Inputs are:
A Panda Dataframe with 500 columns and 10 lines, which contains a series of random integers comprised between 0 and 10000 (included)
A list of 10 random integers comprised between 0 and 10000
The output I am looking for is:
A Panda Dataframe with 500 columns and 10 lines, which gives the Boolean true or false depending if the element from the x-th line is above (true) or below (false) the number which is the x-th element of the list
I was able to solve this in excel using the following functions:
- =RANDARRAY(10,1,0,10000,TRUE)
- =IF(RANDARRAY(10,500,0,10000,TRUE)>A1,TRUE,FALSE)

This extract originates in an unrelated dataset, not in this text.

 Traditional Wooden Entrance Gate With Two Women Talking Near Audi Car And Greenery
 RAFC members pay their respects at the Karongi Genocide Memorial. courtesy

Is there an elegant way of producing this solution in python? I am still a beginner learning more about python.
Thank you for the help
Update: Using MSS's solution, this is my final code. Could you please tell me if there are any mistakes in my code?
import numpy as np
import pandas as pd
import random
df = pd.DataFrame(np.random.randint(0,10000,size=(10, 500)))
df.head
list = random.sample(range(10000), 10)
print(list)
a = df.to_numpy()
b = np.array(list)
res = pd.DataFrame(a > b[:,None], index= df.index, columns=df.columns)
print(res)
Thank you for the help
CodePudding user response:
You can do it in this way using numpy.
a = df.to_numpy() # Dataframe of shape (10,500)
b = np.array(your_list) # your_list contains 10 random numbers >=1 and <=10000
res = pd.DataFrame(a > b[:,None], index= df.index, columns=df.columns)

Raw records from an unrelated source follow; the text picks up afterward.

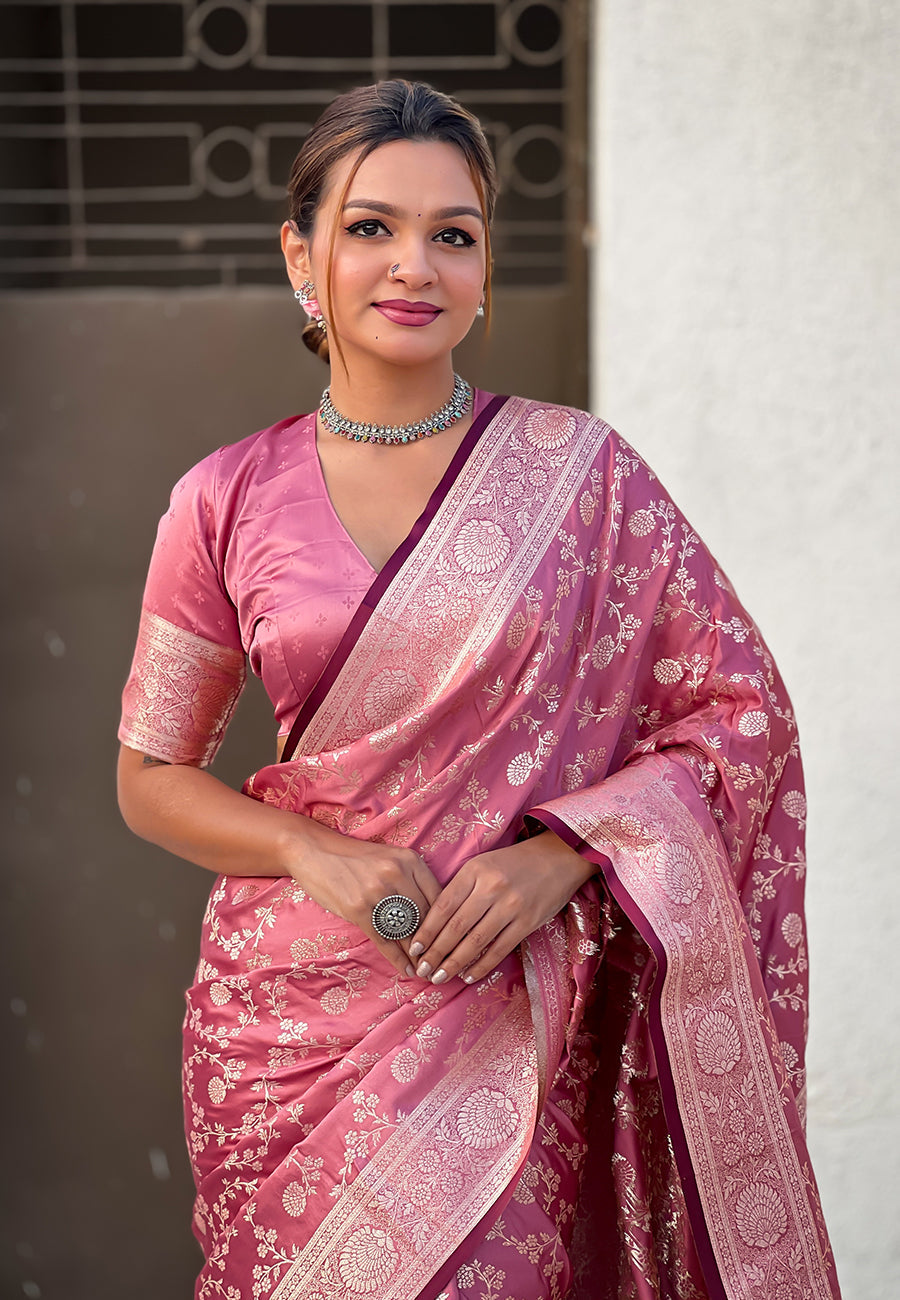 Pink Banarasi Satin Silk Zari Banarasi Saree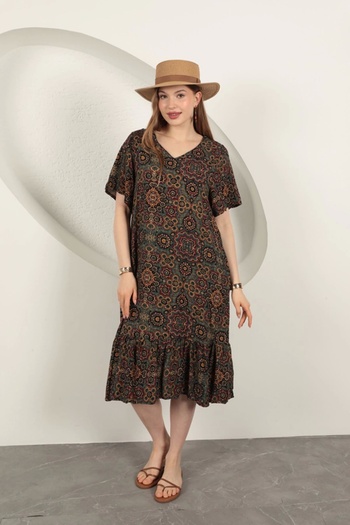 devrialemshoes Viscose fabric ethnic dress-green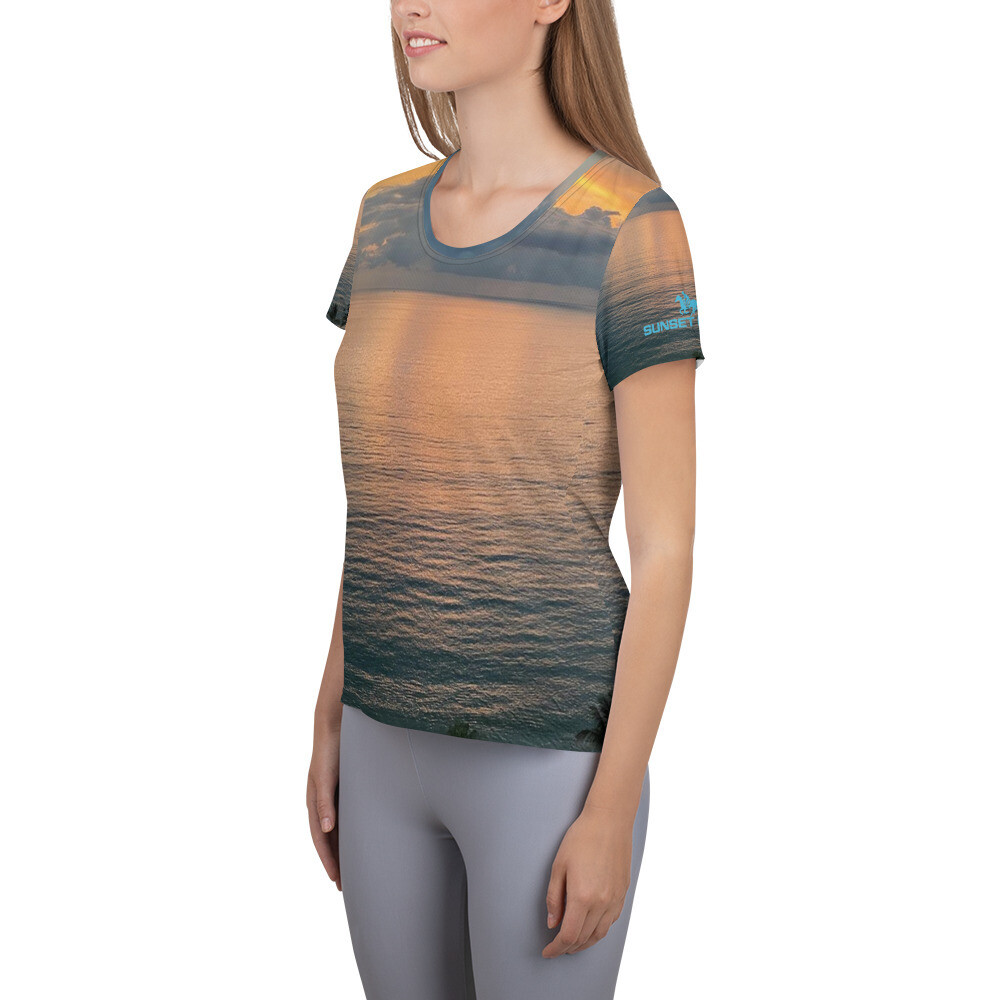 LUX SANDS-All-Over Print Women&#39;s Athletic T-shirt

Lets explain using a smaller dataframe having 3 lines and 5 columns and a list having 3 numbers. All numbers are random between 1-9.
inter = np.array([[1,2,3,5],[4,5,6,1],[7,8,9,5]])
df = pd.DataFrame(inter)
your_list = [3,6,7]
The output obtained after applying above code is:
0 1 2 3
0 False False False True
1 False False False False
2 False True True False
Hence solution is correct.